I slept wonderful last night since I have made my decision and I don't have to be in that trial. The nurse could not understand why so many patients wanted to be in the ertex trial and not Roche. She seems it's just as good. It was funny.
NY girl I wrote you a message on yesterday's message below on herbs you might not see it.
My Dr. put me on 1/2 dose of pegasys and co pegasys for 2 wks, and just to let you know ,half dose makes you feel just as bad, so unless there is a good reason not to, go for it. He told me why he put me on half dose, but I was so happy he was going for 72 wk tx I forgot what it was, but I'm on the 72 wk tx now.
The average IS a 50% cure rate for geno1 (depending on SVR predictors like age, weight, how long, how far liver damage(fibrosis) etc. not just for Dr. C.

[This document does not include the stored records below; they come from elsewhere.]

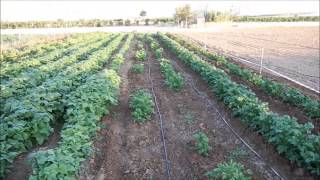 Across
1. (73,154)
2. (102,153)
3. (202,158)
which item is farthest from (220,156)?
(73,154)

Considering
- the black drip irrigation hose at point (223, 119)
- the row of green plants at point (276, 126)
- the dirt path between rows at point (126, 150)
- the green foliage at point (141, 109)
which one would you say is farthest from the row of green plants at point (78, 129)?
the row of green plants at point (276, 126)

I completely agree with what the two above have said. It goes against the grain of everything we know I think. It's contrary to what Dr. Jacobson said in fact and if I were to pick one of those doctors - well obviously.......

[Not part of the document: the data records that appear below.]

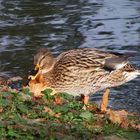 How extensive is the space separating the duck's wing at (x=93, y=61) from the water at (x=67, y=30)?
77 cm

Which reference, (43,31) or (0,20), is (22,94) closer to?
(43,31)

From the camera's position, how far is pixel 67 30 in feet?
45.6

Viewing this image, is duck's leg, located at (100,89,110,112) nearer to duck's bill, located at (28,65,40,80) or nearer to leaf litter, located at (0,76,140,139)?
leaf litter, located at (0,76,140,139)

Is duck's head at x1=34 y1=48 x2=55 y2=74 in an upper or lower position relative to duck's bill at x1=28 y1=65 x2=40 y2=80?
upper

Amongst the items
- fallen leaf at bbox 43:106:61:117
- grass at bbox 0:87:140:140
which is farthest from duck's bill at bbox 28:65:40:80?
fallen leaf at bbox 43:106:61:117

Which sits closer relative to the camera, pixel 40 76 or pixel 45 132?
pixel 45 132

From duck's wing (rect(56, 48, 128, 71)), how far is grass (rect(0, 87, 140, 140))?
1060mm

We are all aware of Dr. C and several members have written to him in the past.
There really is NO EASY ALTERNATIVE TYPE TREATMENT that will cure HepC. If you decide to go for treatment in fact...the best thing you can do is take as much meds as the doctor prescribes, not miss a dose ever and not dose reduce (especially in the first 12 weeks) and just stay the course.
It's not easy but instead of looking for a shortcut type thing - put the energy into doing the treatment and killing the disease.

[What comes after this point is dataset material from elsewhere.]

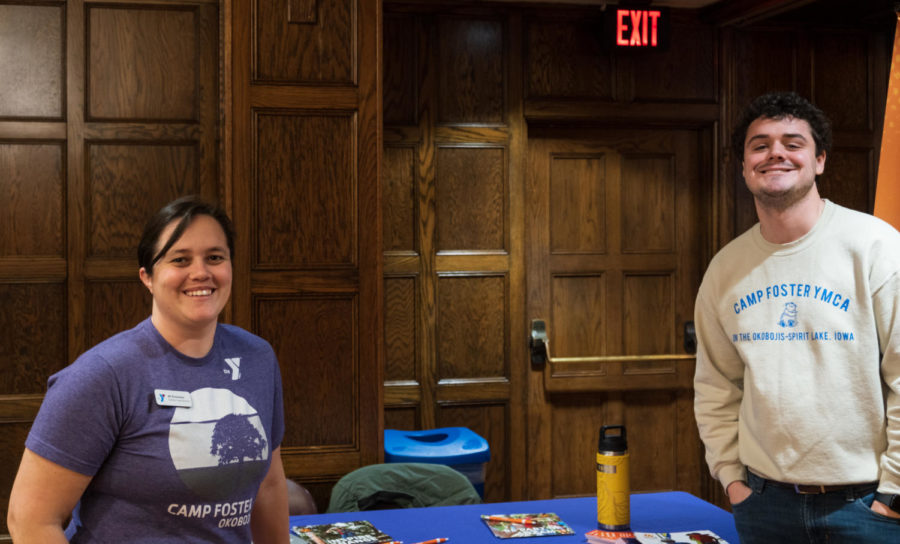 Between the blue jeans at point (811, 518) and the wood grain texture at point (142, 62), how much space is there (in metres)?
2.88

IF there were an EASY(ier) cure...we would ALL be doing it instead...but there is NOT.
I agree with Kalio. No studies I'm aware of that suggest starting with a lower dose and moving up is better. In fact, hit it hard and early -- with no dose reductions -- seems to be what most of the literature and hepatologists suggest. The interim aim is to achieve RVR (rapid viral response) if at all possible. RVR correlates positively with SVR, i.e. cure. This is not in any way a criticism of Dr. Cecil, but something that you should consider. I spoke to 3-4 heaptologists before making my treatment decision. Maybe a little excessive but I think speaking to more than one may be a prudent path.
All the best luck.
-- Jim
You might want to research that approach a bit as it flies in the face of what most studies I have read say. The "hit it fast hit it hard" approach to tx shows the most success. Ridding yourself of the virus quickly is a strong predictor of SVR so if you go at it slowly and "titer up" it could reduce your chances of SVR. A 50% cure rate is about the average for geno 1 not just for Dr. Cecil's patients.